- Exercise
Copy word for word the lines in the records below, starting at the line with "Zip Cargo Broek" and ending at the line with "Arisha Suspension Linéaire". Skip the pictures.

- Dataset
***

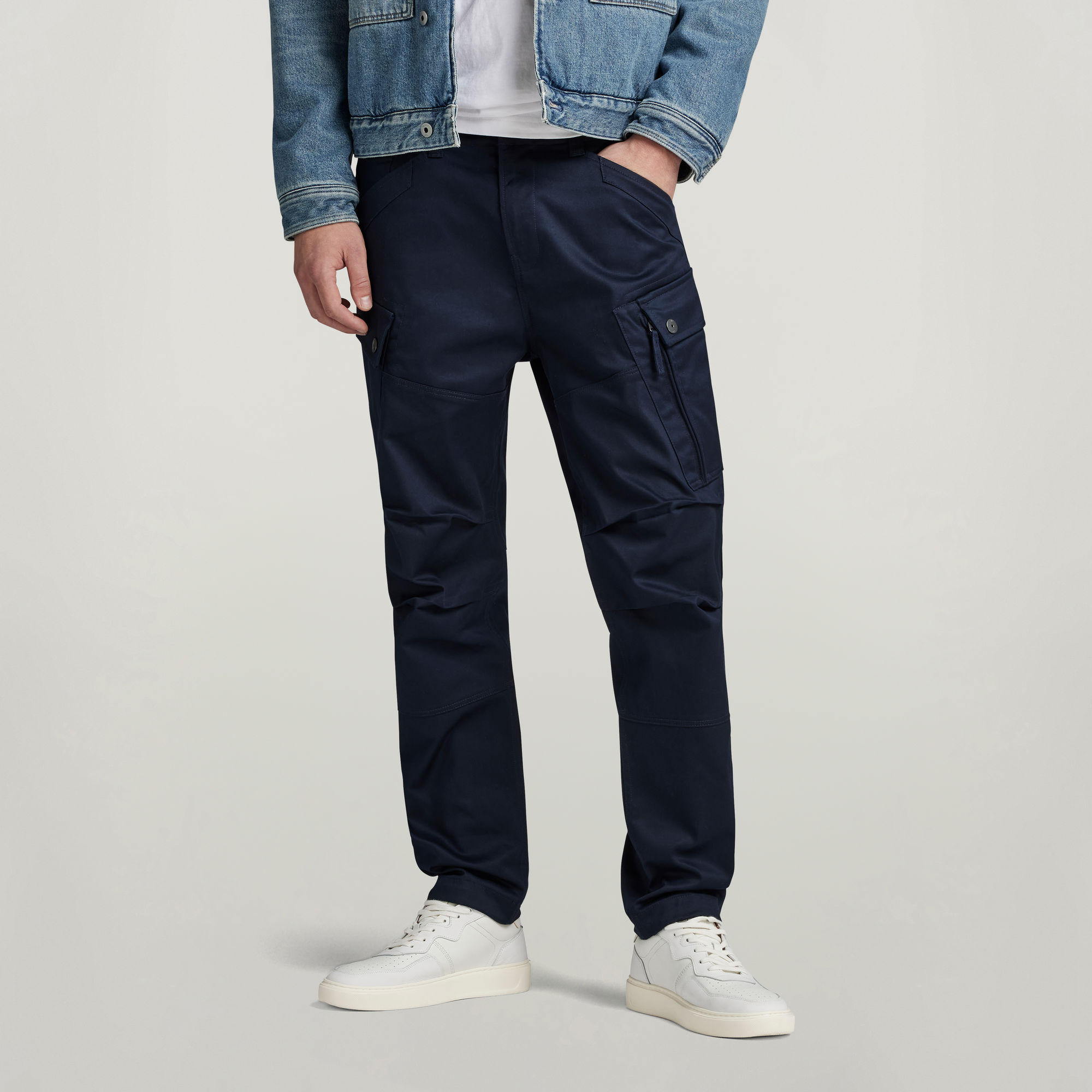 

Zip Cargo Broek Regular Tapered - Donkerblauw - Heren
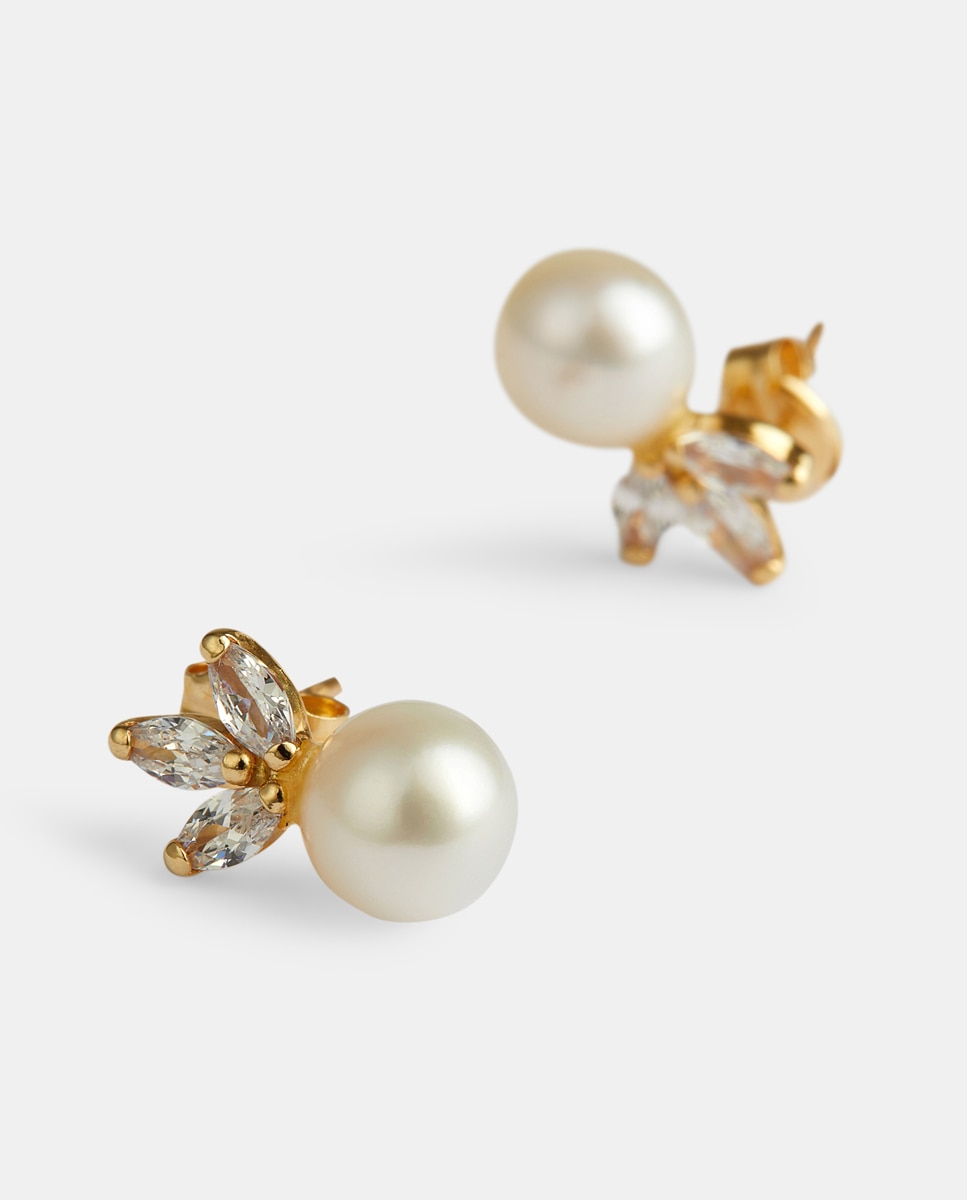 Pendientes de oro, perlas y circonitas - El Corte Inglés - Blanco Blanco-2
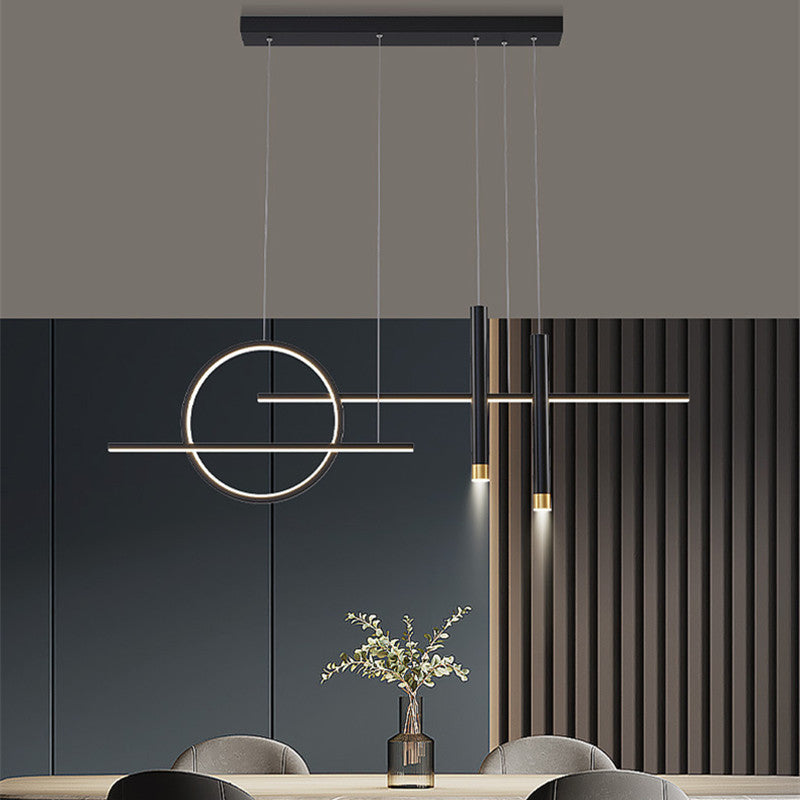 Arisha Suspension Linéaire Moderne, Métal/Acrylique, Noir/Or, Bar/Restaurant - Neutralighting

***

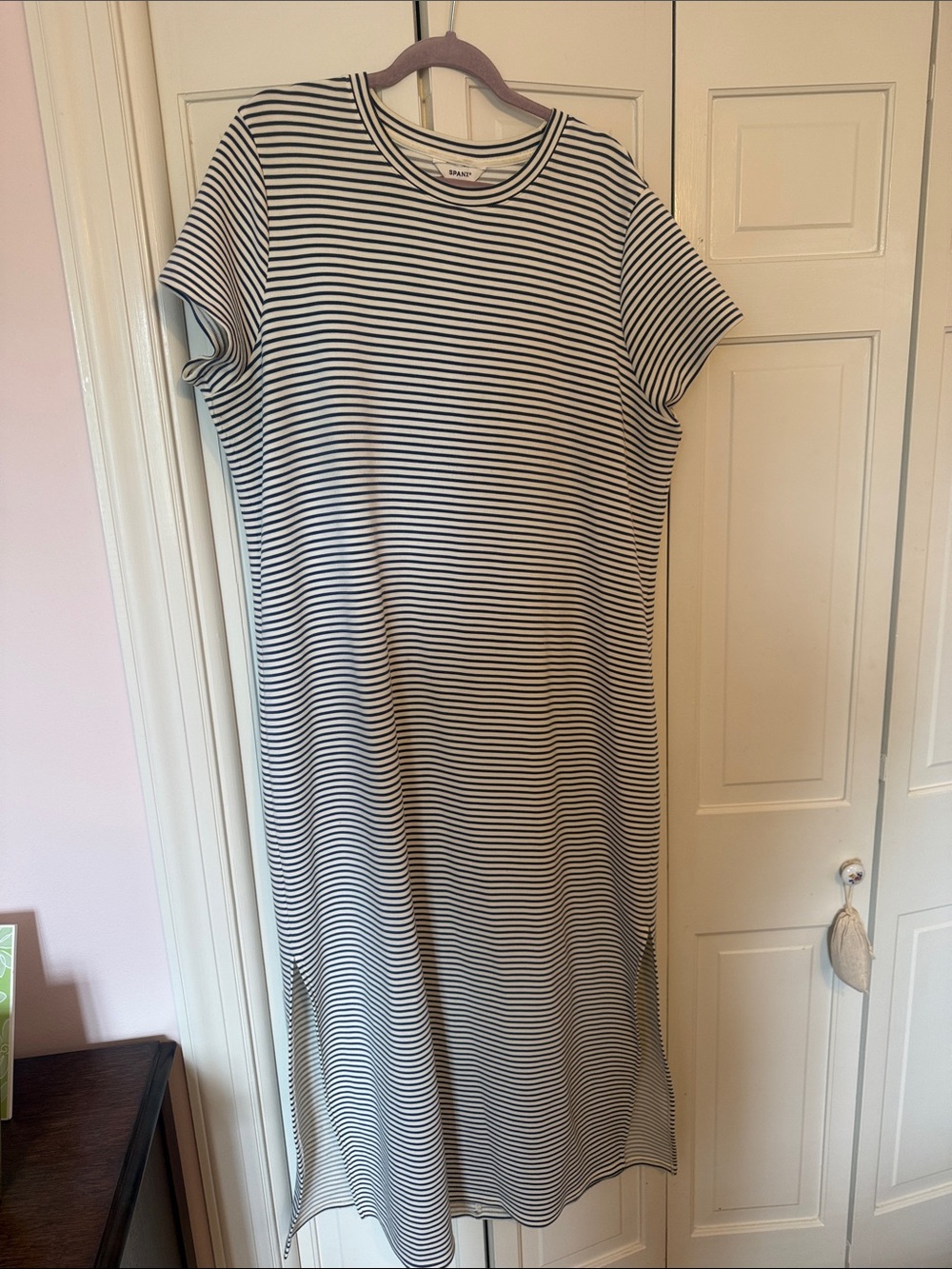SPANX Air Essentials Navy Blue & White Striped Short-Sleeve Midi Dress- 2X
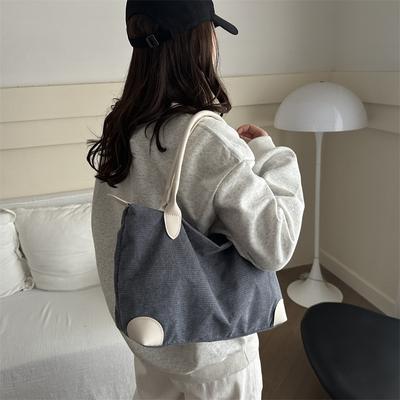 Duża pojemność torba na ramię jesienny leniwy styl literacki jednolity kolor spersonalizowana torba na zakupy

***

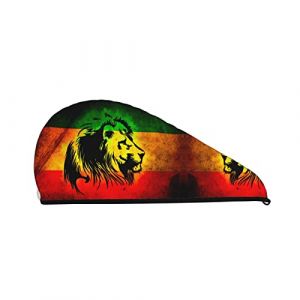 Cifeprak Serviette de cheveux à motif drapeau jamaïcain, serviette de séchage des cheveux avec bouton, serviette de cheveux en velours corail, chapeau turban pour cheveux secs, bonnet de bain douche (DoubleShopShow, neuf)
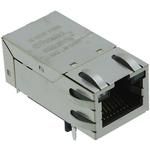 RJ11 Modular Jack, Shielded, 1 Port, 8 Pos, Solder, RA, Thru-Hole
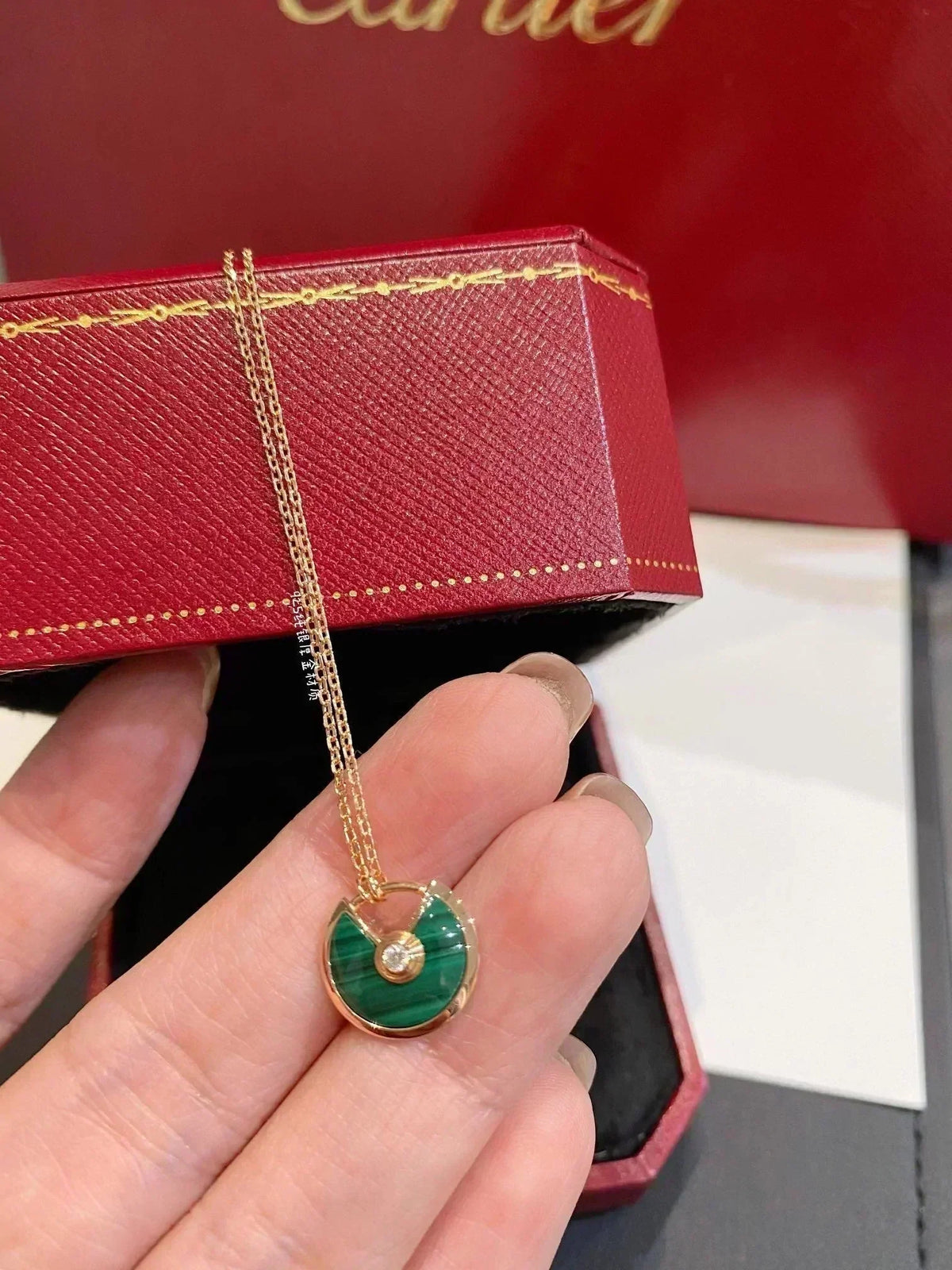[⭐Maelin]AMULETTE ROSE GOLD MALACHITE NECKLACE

***

- Reply
Zip Cargo Broek Regular Tapered - Donkerblauw - Heren
 Pendientes de oro, perlas y circonitas - El Corte Inglés - Blanco Blanco-2
 Arisha Suspension Linéaire Moderne, Métal/Acrylique, Noir/Or, Bar/Restaurant - Neutralighting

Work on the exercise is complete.